Israel is expecting its war to spread to Hezbollah in Lebanon. Houthi rebels in Yemen have attacked shipping routes in the Mediterranean, triggering U.S. bombing raids there. Iran launched missiles into Iraq (targeting an Israeli spy base, it says) and Syria (targeting the Islamic State).
We are at a precipice — not of a world war of the kind that twice devastated the world during the last century, but of a slowly burning and spreading conflict that will pull in more and more nations. This makes the calls for ceasefire in Gaza that much more important.
The humanitarian toll in Gaza is astonishing. Israel has imposed a relentless pounding that has shattered the fragile infrastructure of the Gaza strip, perhaps most notably its healthcare system. This only exacerbates the suffering of a population already internally displaced, uprooted from their homes, and subjected to terror.
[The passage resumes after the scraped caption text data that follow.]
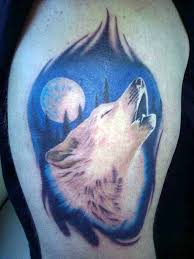 Different Wolf Tribal Tattoo On Full Back 3 Howling Wolf Tattoo Wolf Tattoos For Women Wolf Tattoos Men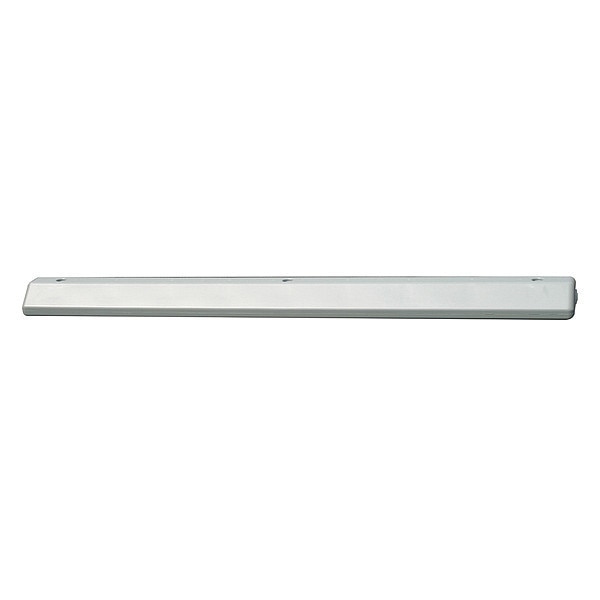Parking Curb, 72 In, Gray, Polyethylene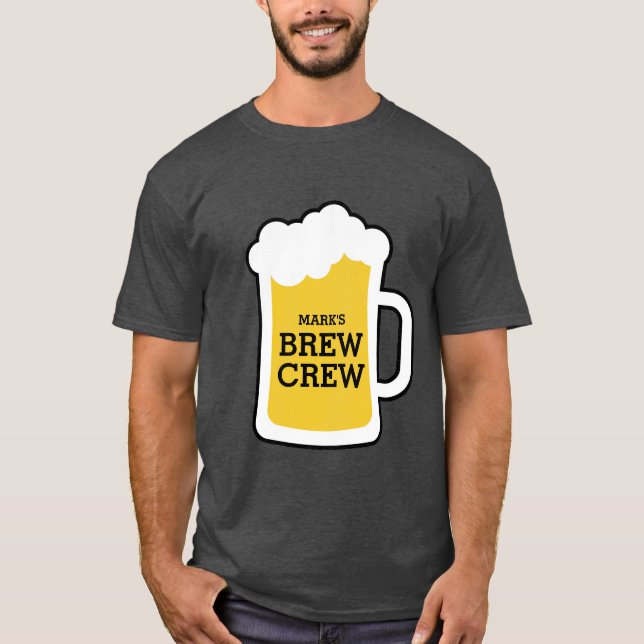 Camiseta La despedida de soltero prepara al equipo del Brew (Anverso)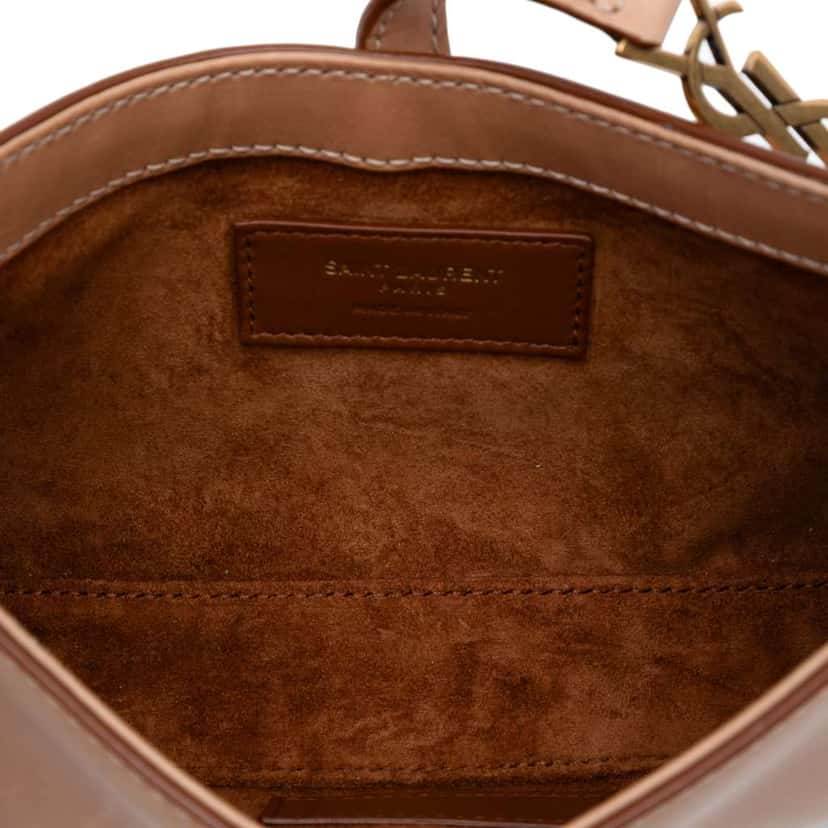 Saint Laurent Mini Smooth Calfskin Le 5 a 7 Hobo Brown Leather Very good condition - Model View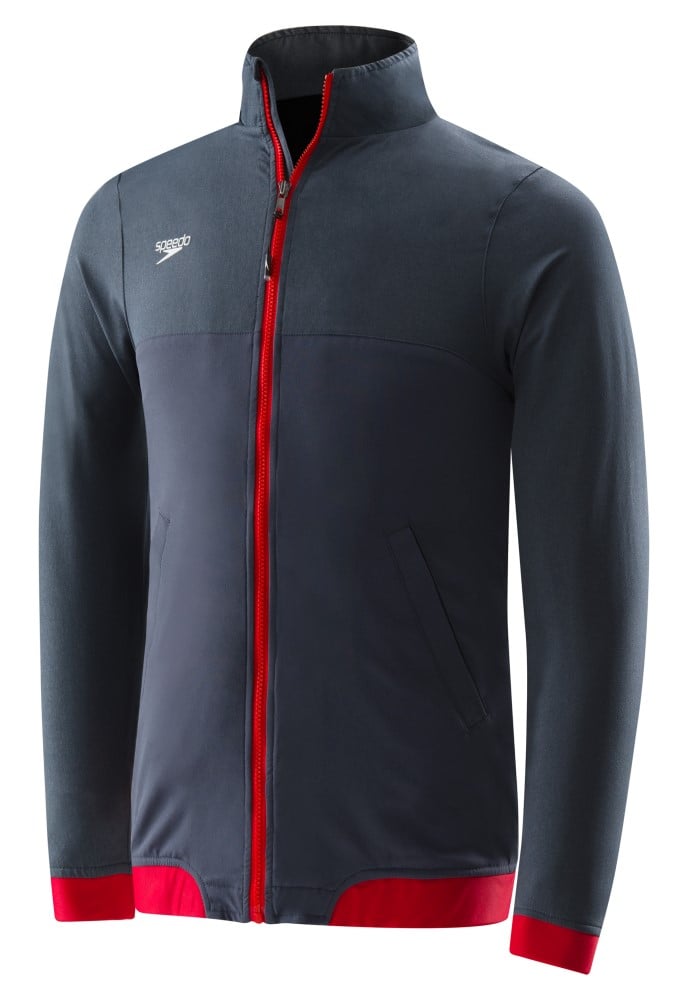 Speedo Tech Warm Up Youth Jacket red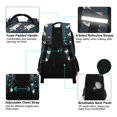 thumbnail image 4 of FORMRS Kids School Backpack Elementary Student Unisex Travel Bookbag with Reflective Stripes, Rocket Pattern, 4 of 7
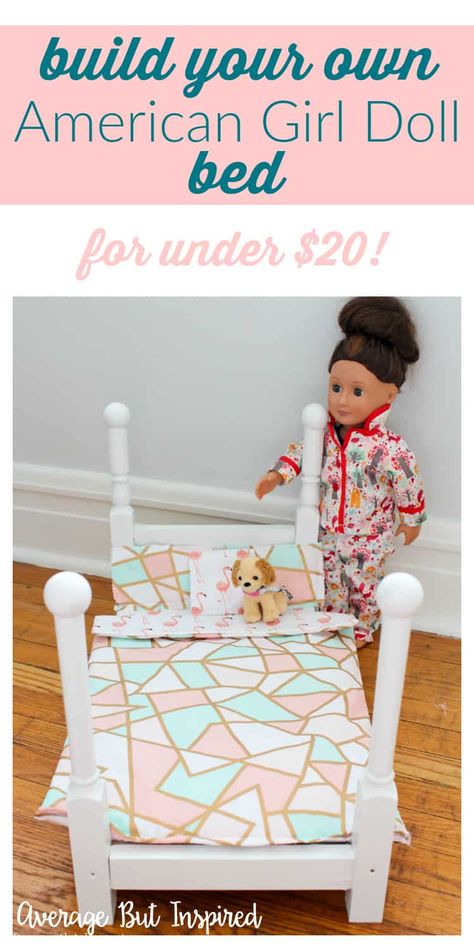 Diy Doll Bed, American Girl Beds, Doll Bed Diy, American Girl House, American Girl Doll Bed, American Girl Furniture, Baby Doll Bed, Girls Dollhouse, American Girl Diy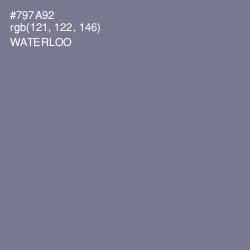 #797A92 - Waterloo  Color Image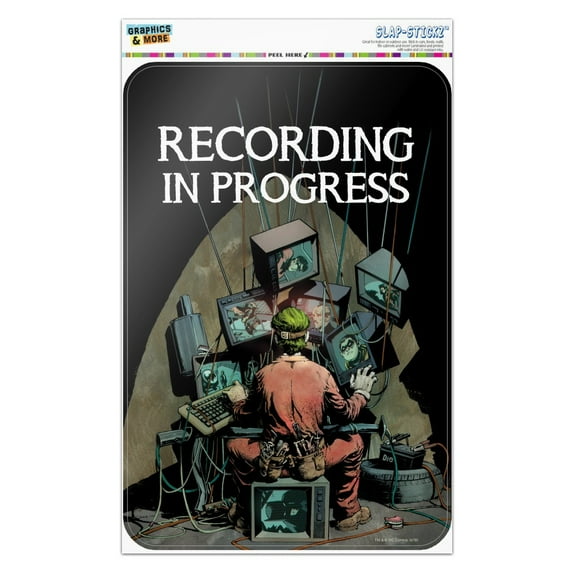 Batman Joker Recording in Progress Home Business Office Sign
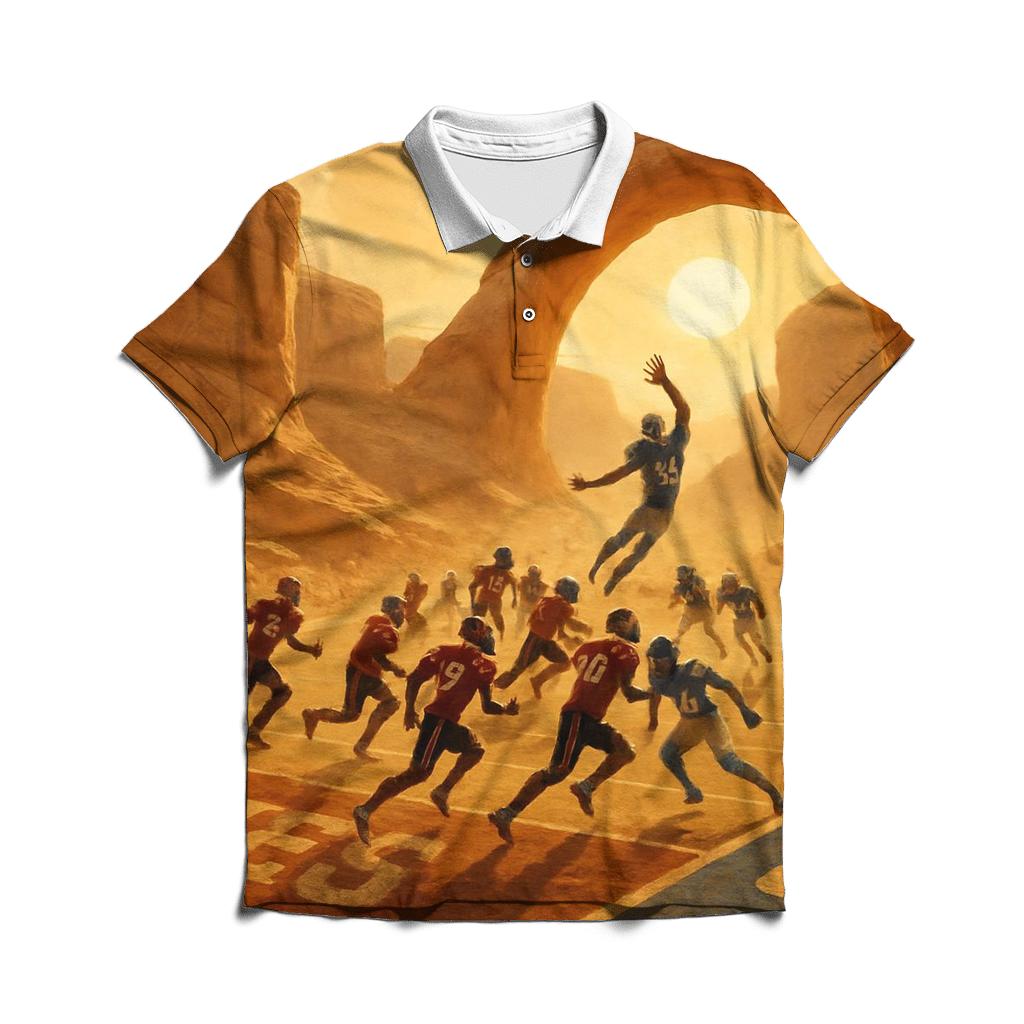 Desert Canyon Neutral Site Grudge Game embroidered polo tops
“In Gaza, the health care system is on the brink of collapse. In any conflict or crisis, access to health care is a question of life or death,” International Federation of the Red Cross Secretary-General Jagan Chapagain said on X.
“Civilian population in Gaza have suffered enough, and healthcare is one of the last remaining beacons of hope. It’s a humanitarian and moral imperative to ensure the people of Gaza can access health care,” Chapagain continued.
The damage and suffering inflicted on Gaza’s civilian population would be viewed as a war crime if inflicted by any other nation (South Africa has accused Israel of genocide). And this is not easy to write, given my background, but Israel — with its corrupt, right-wing leadership and claims of exceptionalism — is in danger of becoming a pariah state. Some will say this is because of international antisemitism, and I certainly will not dispute that antisemitism plays a role. But the images being broadcast from Gaza, horrific images created by Israeli bombs, have erased much of the sympathy that followed Oct. 7.
None of this is to excuse Hamas for its brutality, but Israel cannot keep using Oct. 7 to justify the unjustifiable (the United States did the same thing with 9/11 and the results continue to haunt us), especially when it threatens to spiral into a broader conflict.